This post idea inspired by a question from Redditor /u/skeletortuga, which is an awesome username…
I remember the optimism I had heading to my first Junior Olympics. I had won my Central Florida division qualifier in dominating fashion. I had been faring well in local open competition. I trained hard, I was in great shape.
I showed up, lost every pool bout, and didn’t make the cut to eliminations.
It turns out that Metro NYC Division eats Central Florida for lunch. Who woulda thought.
I would not be deterred. I showed up to another NAC a few months later, and won two pool bouts. But I didn’t make the cut, again.
I was lost, but desperate to improve, because I enjoyed Fencing and wanted to excel at the national level.
I sat down with my coach upon returning from my second ass-whooping and tried to dig deep into what the crux of the issue was. We watched some tape of the New Yorker wizardry that was causing me to get my clock cleaned in every bout. I came away from that conversation thinking that my coach at the time didn’t have any answers, and that the repertoire of moves he imparted upon me were antiquated in contemporary Fencing. Worse– there was a stubborn insistence that his way was the perfect way, and that it would work.

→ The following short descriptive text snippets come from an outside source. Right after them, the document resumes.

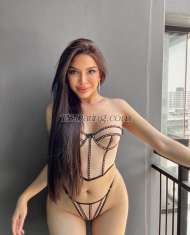 Jesslyn cleo Jakarta Transex Please show me you did read my ad, even though it’s big
😅  


Hello gentleman, allow me to
introduce myself.  I’m Jesslyn cleo a beautiful and
delicate transexual. Young and fresh, from Thai , I am 25
years old, part time model and business woman. Based in
Milan but I’m now in tour 2025 NEW TOUR.

You'll
be in the company of a girl who is sophisticated and whit
good vibe.  

I have natural long hair, incredibly
smooth skin, a unique smile and delicious curves you can’t
wait to have in your arms.

Why not start with a
good bottle of wine before we slip into bed?  I love
foreplay to get to know each other well, like kissing
passionately, taking a shower together. I’m very GFE,
super vanilla, just like a girlfriend would be
😝


Living alone in my own cosy apartment
giving a feeling of comfort, warmth, and relaxation. Clean
and safe place to meet.   Providing the best ever
satisfaction and fulfilled fantasies. You will probably
regret if you miss to meet the precious, gorgeous and fully
functional transgender in town who can cum a lot. I love
getting horny with everyone, and cumming costs me so much,
so I have a limited number of cumshots.

You will
encounter the best and absolutely incomparable and unique
service.  

I am young and well experienced.
Nothing to worry about anything, I am here to guide and make
your first time experience unforgettable and memorable.
 If you are with me I will make sure that it will be worth
it. I’ll make sure that you are comfortable before doing
the session.


 and I received a sex video call
and sell sex videos 
WhatsApp ‪‪
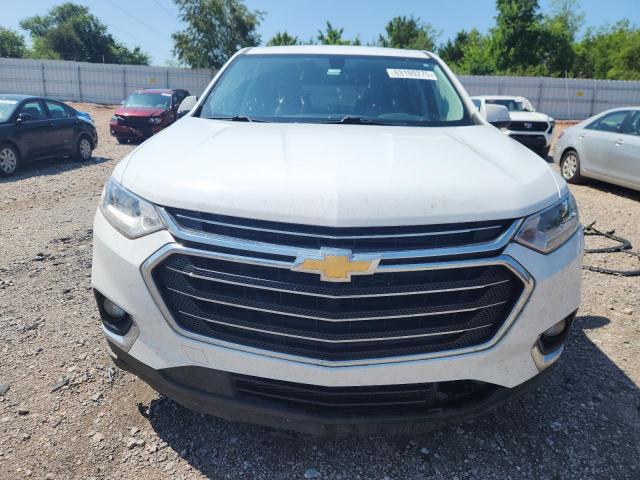 Chevrolet Traverse Lt Image 10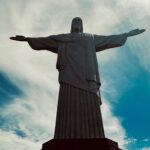 Amaury Nolasco Instagram – OBRIGADO BRASIL 🇧🇷 🙏🏾 ❤️#whereinthewolrdisamaury #newfriends #carioca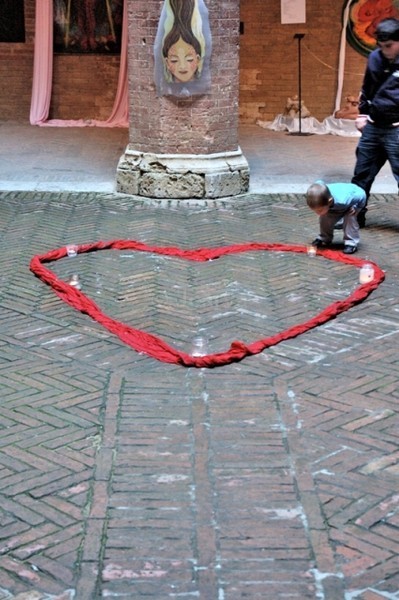 - Assisi & Siena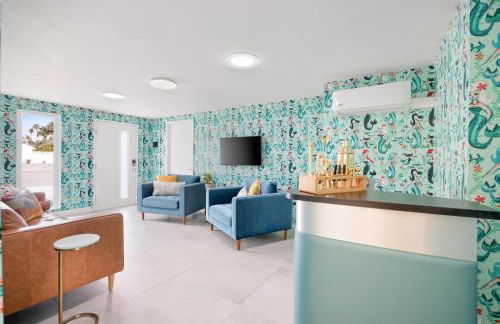 Blue Martini - Foto 13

I loved my Coach deeply, but knew that in order to fulfill my goals in Fencing, I needed a fresh perspective.
So I took a step back and looked at the Fencing landscape in the rest of the state. I wanted to know a few things, and you might find this advice helpful too:
- Who is producing students that are obtaining national results?

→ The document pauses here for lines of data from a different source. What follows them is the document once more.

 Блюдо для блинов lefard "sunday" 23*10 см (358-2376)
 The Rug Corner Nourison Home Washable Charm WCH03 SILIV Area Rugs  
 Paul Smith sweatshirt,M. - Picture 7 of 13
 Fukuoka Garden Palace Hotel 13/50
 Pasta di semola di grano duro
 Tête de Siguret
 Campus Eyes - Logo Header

- Which club has the kind of fencers that will push me in practice to be a better Fencer? Do they operate with a team-first mentality in an individual sport?
- Does this club have a coach who communicates in a style that resonates with me?
- Does the culture fit my desired Fencing goals? (More on that in this article)
I opted to begin working with Aleksandr Gromov over at Florida Musketeers in Orlando. While it was a hike to get there, I found myself enjoying the style of his students, and saw they were beginning to obtain results at a national level. It was well worth it.
Gromov completely overhauled my Fencing style, focusing more on taking advantage of my speed and strength, overhauling my footwork, and tailoring a style of Fencing that fit me. One year later, I started to make a few top 32’s (nothing earth shattering, but a vast improvement over where I was before).
I would still make it to my old coach’s club once a week. It wasn’t a harsh separation. He was a wonderful person and loved the sport more than anyone I’ve ever worked with. There were no hard feelings. That’s the best advice I can give those thinking of switching: do it was class, do it with grace, because your coach invested his/her heart into you, and while you may have separated, if you do it respectfully, they might continue to be your biggest supporter.
And do the conversation in person like an adult. Just as you wouldn’t break up with a lover over text, email, or ghosting them (I hope), you should be able to have that conversation honestly and candidly with your coach.
Some fencers may be so lucky to find a coach who can guide them from the moment they pick up a weapon for the first time all the way through their highest aspirations. But for those who don’t, it’s okay to say goodbye.